Un itinerario fatto di porte antiche (con gli archi che disegnano anche il ciclo del tempo) e porte moderne, di cancelli semichiusi e di porte che contengono altre porte, “come un labirinto di scatole cinesi”, in cui il montaggio sapiente di Eleuteri Serpieri – un traghetto che fa la spola tra i due mondi e rende reversibile il tempo – si fa anche gesto (torna il riferimento a Walter Benjamin e alla sua definizione di gesto come soglia collocata tra ricettività e creatività) e sguardo aperti sia alle stratificazioni nello spazio –“Roma è anche una città di buchi, cavità, fessure, ferite”- che alle sedimentazioni nel tempo. Un tempo oscillante tra il riconoscimento di genealogie personali all’interno del migliore pensiero critico – Pier Paolo Pasolini, Amelia Rosselli, Elsa Morante, Federico Fellini e Giulietta Masina, Sandro Pertini, Michelangelo Buonarroti -, e la ricerca senza respiro di intensità affettive – la madre della regista, l’espressione di un musicista. Il globo è infatti astronomico, acqueo – immergersi in questa installazione è un’esperienza meravigliosa – ed è soprattutto terrestre, laddove le porte mondo sono anche voragini che la regista, e fin dai suoi primi cortometraggi, continua ad oltrepassare con coraggio, sensibilità e magnetismo emulsionale. Il fatto che l’installazione sia costituita da un montaggio di immagini provenienti da archivi eterogenei (quello della famiglia Eleuteri Serpieri, del Library of Congress, del Metropolitan Museum of Art, oltre al riuso di molta cartografia antica che è anche porta e testimonianza della storia umana), oltre alla scelta di farle scorrere contemporaneamente su più schermi, la rende un viatico, per chi ne fa ripetuta esperienza, verso la pratica aperta dell’interpretazione. E quindi verso la costruzione di uno spazio critico.

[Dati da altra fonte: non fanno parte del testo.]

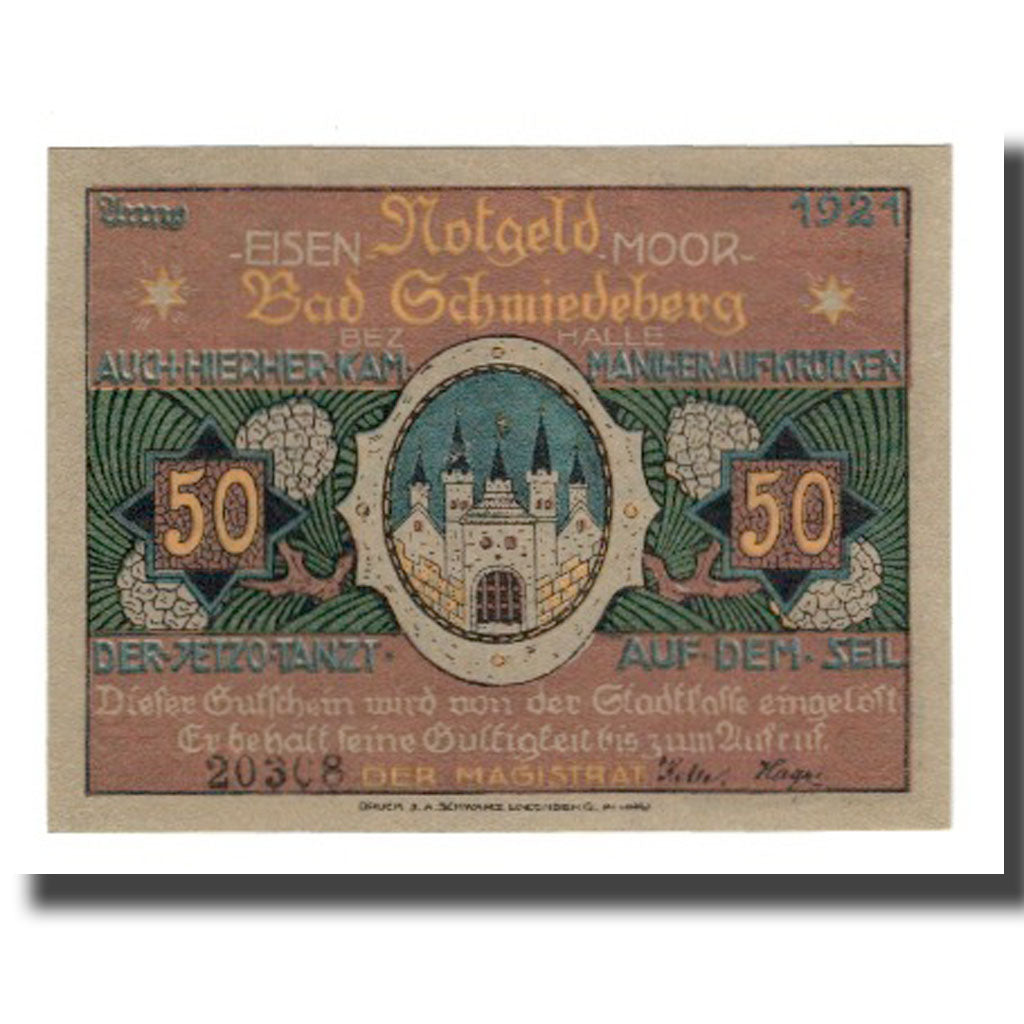 Banconote, Germania, Schmiedeberg, Bad Stadt, 50 Pfennig, personnage 1, 1921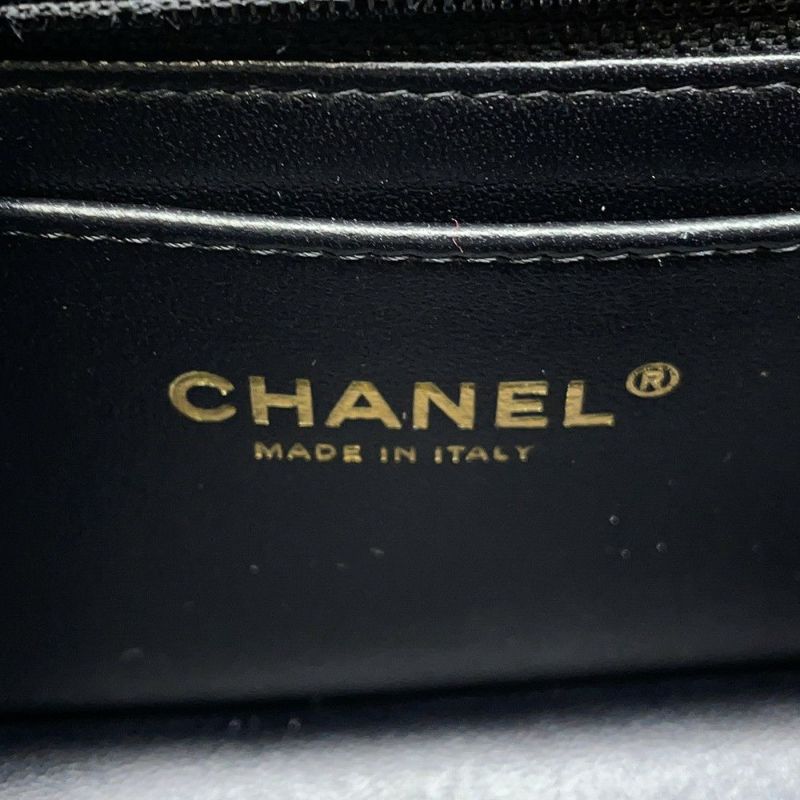 シャネル チェーンショルダーバッグ ミニ マトラッセ 20 ココマーク ラムスキン A69900 CHANEL 黒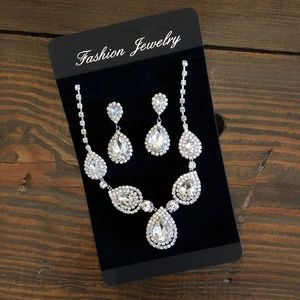 Rhinestone Fashion Jewelry Necklace & Earring Set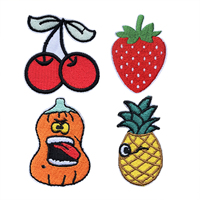 Autocollant pour cheveux de bébé avec logo personnalisé, motif animal fraise adorable, broderie, fermeture auto-agrippante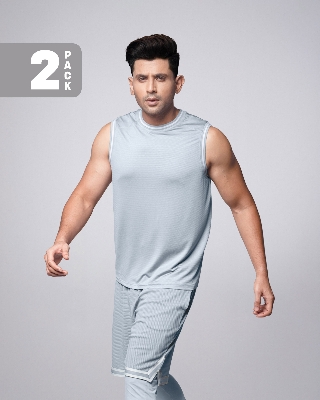 Picture of Pantoneclo Men’s Fitness Combo | Breathable Vest and Shorts for Gym Training Set | Workout and Activewear Set | Lightweight Gym Sleeveless T-Shirt & Shorts Combo | Sportswear Tank Top & Shorts Outfit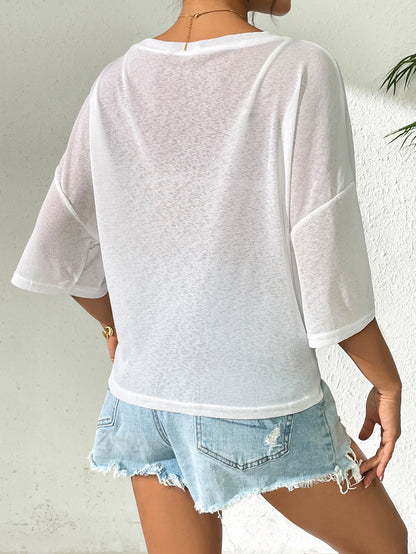 Sheer Off Shoulder Tie Front Beach Cover Up Top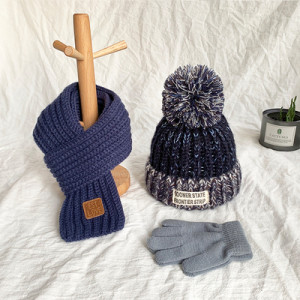Комплект шапка, шарф и перчатки, арт КО1, цвет:тёмно-синий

Il rimando filosofico alla figura dei passages benjaminiani – immagini-soglia in cui il nuovo si sedimenta con il vecchio e in cui il desiderio e la creatività sono gesti con cui trasfigurare paura e dolore – lo fa la stessa regista nel bel testo scritto per il catalogo del festival: “nella vita moderna i cosiddetti riti di passaggio, le cerimonie connesse alla morte, alla nascita, al matrimonio, al diventare adulti etc. sono divenuti sempre più irriconoscibili e impercettibili […] siamo diventati poveri di esperienze della soglia e l’addormentarsi forse è l’unica che c’è rimasta”. Eleuteri Serpieri desidera intensamente e allo stesso tempo si fa carico della fatica (del dolore) di ripetere, a ogni nuovo lavoro, questi attraversamenti rituali; in tal modo dando voce, probabilmente, sia a una sua esigenza interiore – lo spazio privato dietro la porta – che a un’istanza urgente di riattivare una comunità collegata da tante porte mondo medium per altrettanti possibili – sempre Benjamin parla di permanenze nelle opere artistiche di una “proiezione utopica dell’inconscio collettivo”.
Il lavoro sul suono, sorprendente, è una tessitura complessa con cui accendere sensorialmente emozioni e citazioni (Mozart tra le altre, che ritorna dopo averci accompagnato anche in Amor). La splendida ballad del musicista Federico Maistrello rimane ancora viva nello spazio sognato dalla memoria, sulla soglia di questa visione perduta e ritrovata, nel mondo aperto.
Il mondo è aperto – Regia: Virginia Eleuteri Serpieri; suono e found footage music: Giuseppe D’Amato; origine: Italia, 2025; durata: 8’ minuti circa.